While he hasn’t reflected on much in recent years, Robertson says the work that’s been done to get New Zealand history in schools and Matariki recognised as a national holiday are “really big shifts’’ he’s proud of.
“I am the Minister of Finance – I’m not going to say yes to everything that gets proposed to me. Part of my role is playing the part of the person who does the prioritisation.’
“They’re always going to ask for more – it’s Willie Jackson – he’s going to ask for more,’’ Robertson jokes.
He accepts Māori vaccination is an area that needs more work, and while Robertson says the Government moved as quickly as it could on rolling out Pfizer – relying on DHBs to be the “conduit” for Māori providers didn’t always work.
Covid has meant a lot of Robertson’s, and Ardern’s, focus has gone on the response and recovery.
His role as deputy is a support person as much as anything – along with filling in at Question Time, attending events and answering media questions.
He says it was always going to be different to the job former deputy, Winston Peters, played because Robertson and Ardern are from the same party and the relationship is different.
The pair have come increasingly under pressure in recent weeks over the way the Delta outbreak has been handled, the messaging, and the continued lockdown in Auckland.
“The longer something goes on the harder it is for people. There was an initial adrenaline about Covid arriving that we were going to get through it together, and we did. We eliminated Covid twice, but then Delta arrived and it’s a different beast.’
“We continue, I think, to have a really strong response. It’s become a little more nuanced, but that’s the reality.
“The way we talk and communicate about that, we have to wear it on the chin if we don’t get it right, but I think we’ve still got a response that’s appropriate for where we are.’’
Robertson says the time will come to reflect on some of the decisions that have been made, “but right now is not the time for that’’.
On Saturday he posted a picture of himself as a three-year-old, which his mother had sent him to celebrate his 50th.
He found himself staring at it thinking about what he might have thought he would be doing at the age of 50.

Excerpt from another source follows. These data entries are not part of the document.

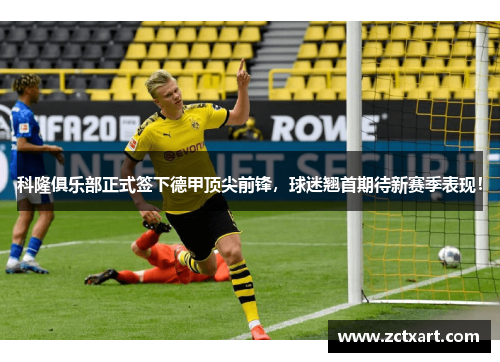 科隆俱乐部正式签下德甲顶尖前锋，球迷翘首期待新赛季表现！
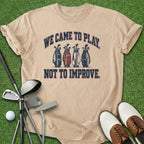Came To Play T-Shirt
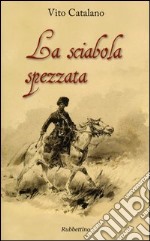 La sciabola spezzata libro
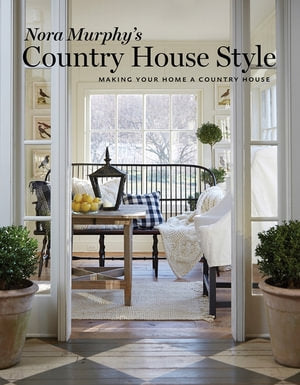 Country House Style Book By Nora Murphy
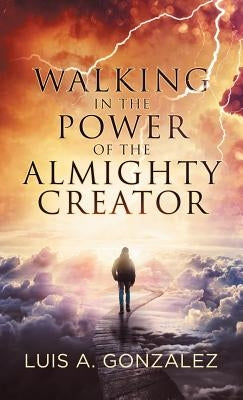 Walking in the Power of the Almighty Creator by Gonzalez, Luis a.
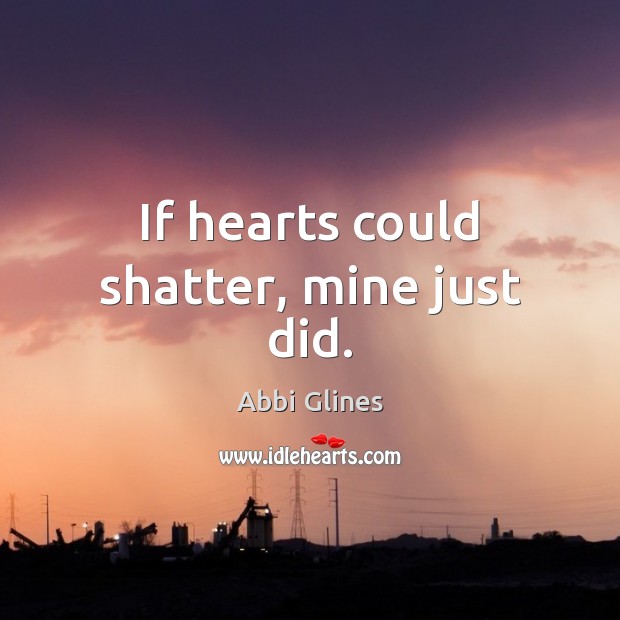 If hearts could shatter, mine just did. Abbi Glines Picture Quote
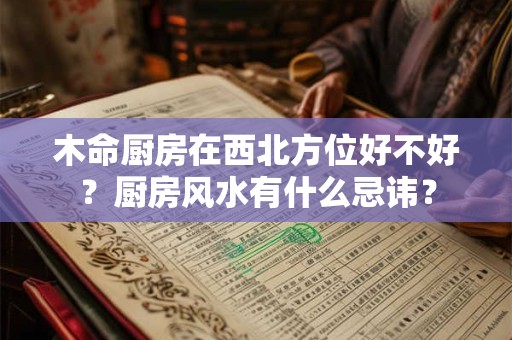 木命厨房在西北方位好不好？厨房风水有什么忌讳？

A lot of time has passed since his Dunedin days running around playing rugby and cricket, and Robertson likes to think New Zealand has moved on in that time.

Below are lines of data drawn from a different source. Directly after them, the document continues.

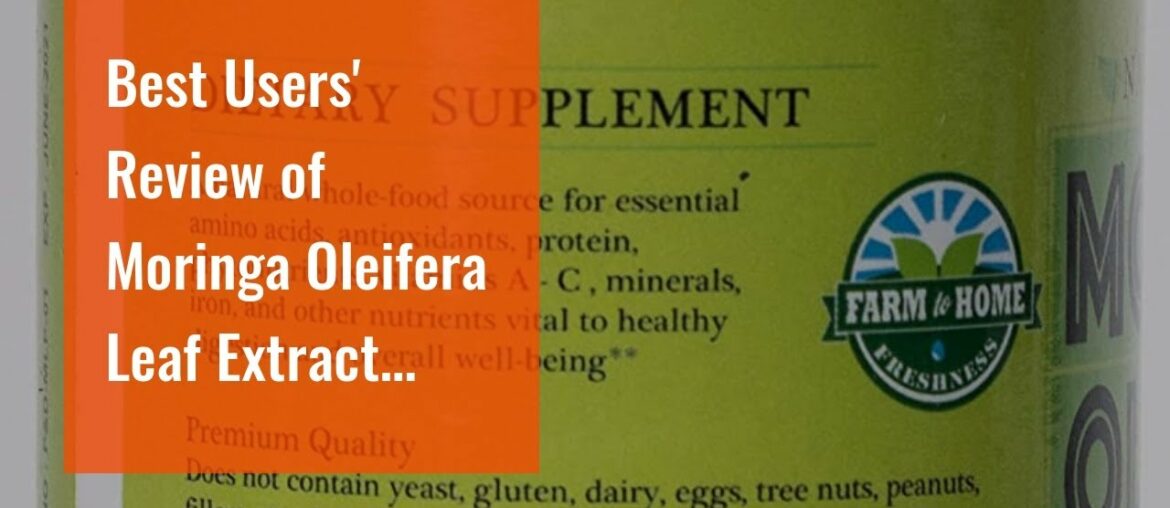 Best Users' Review of Moringa Oleifera Leaf Extract Supplement by ALFA Vitamins - 100% NATURAL...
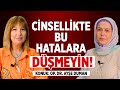 ''Herkes Kendi Orgazmından Sorumludur!'' | Menopozdan Sonra Mutlu Cinsellik Mümkün | Dr. Ayşe Duman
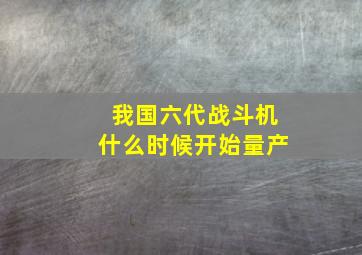 我国六代战斗机什么时候开始量产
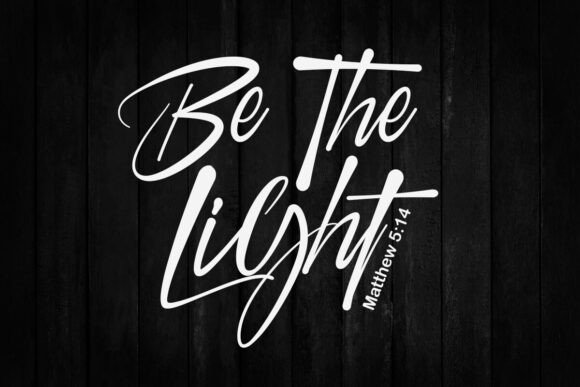 Be the Light Matthew 5 14 Svg: A Faith-Filled Embroidery Design for Real Projects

He still recalls people saying New Zealand wasn’t ready for a gay Prime Minister when he was running for the Labour Party leadership in 2014.
“I like to think we have moved on from that … for me, it’s about being me. I’ve been who I am, out as it were, my whole political career, so it shouldn’t be a surprise to anybody.

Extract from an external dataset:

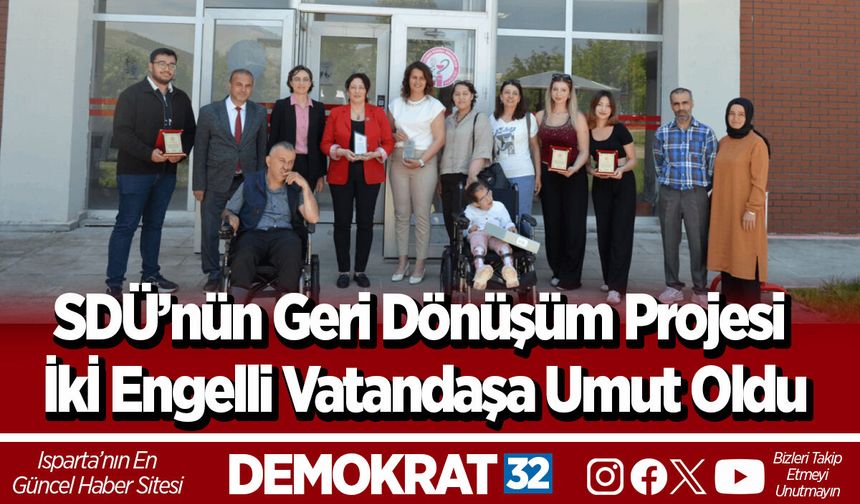SDÜ’nün Geri Dönüşüm Projesi İkİ Engelli Vatandaşa Umut Oldu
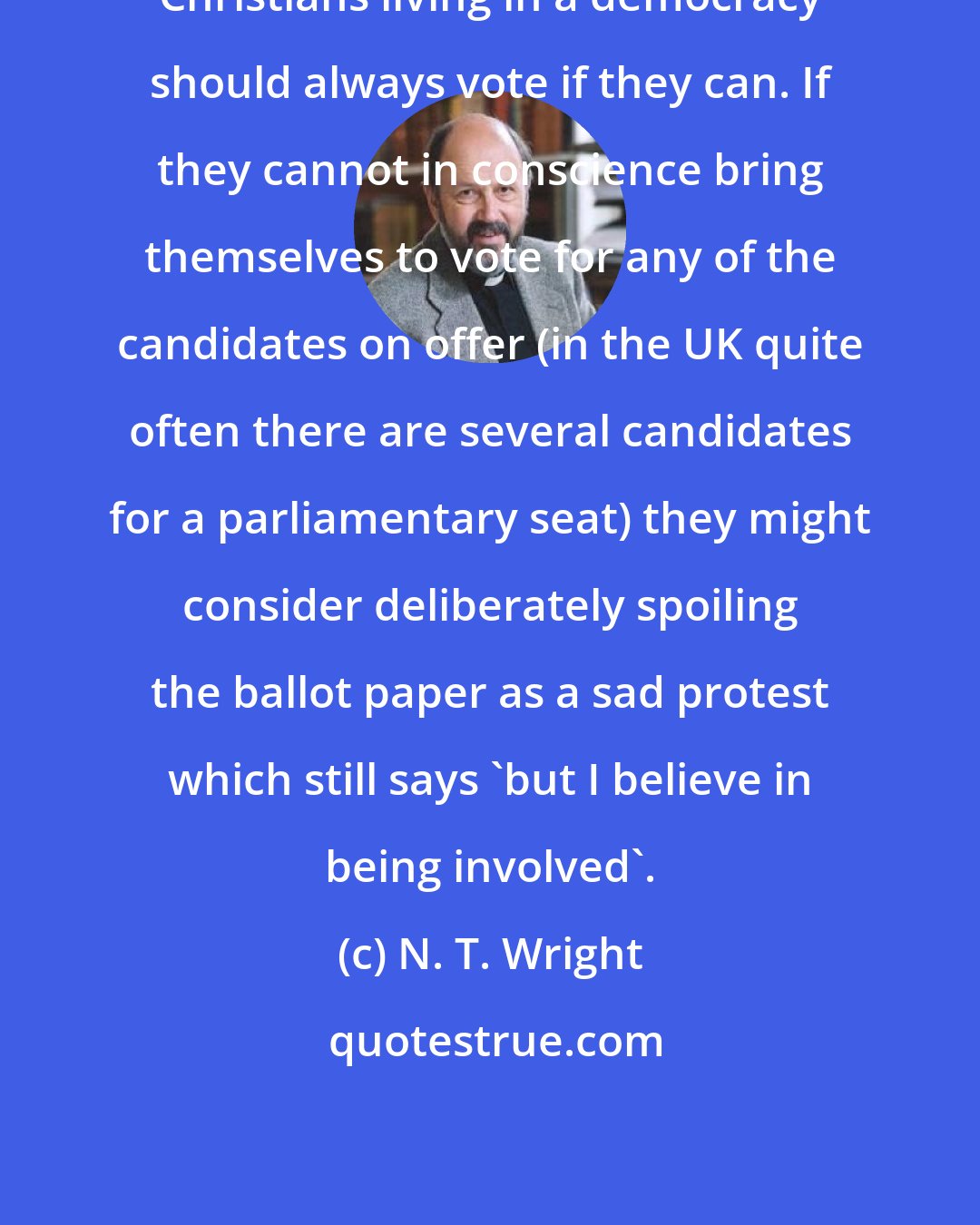 N. T. Wright: Christians living in a democracy should always vote if they can. If they cannot in conscience bring themselves to vote for any of the candidates on offer (in the UK quite often there are several candidates for a parliamentary seat) they might consider deliberately spoiling the ballot paper as a sad protest which still says 'but I believe in being involved'.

“I hope most people judge me on my performance in the role,’’ he tells Newsroom.
That doesn’t mean the nasty messages have stopped flooding his inbox.
“I have a tendency to screenshot some of them to remind myself and for future use. There’s still plenty of ugly, homophobic vitriol that exists in aspects of our society, and particularly in social media.
“It’s not a big number of people and largely it’s people with a political agenda they’re expressing in that way. But it exists,’’ he says.
So, is New Zealand ready for Grant Robertson?
He’s not interested in chatter that he is lining up to take over the reins from Ardern at some point.
“We just aren’t having conversations about that. I haven’t changed my view from what I said in 2014, when I said that I wouldn’t be seeking the Labour Party leadership again, and I’m not.’’
It’s a typical response used all too regularly by politicians.
Robertson immediately registers it hasn’t been taken seriously by Newsroom.
“I love how journalists never believe people like me when we say that, but we’ll just let that sit there,’’ he fires back.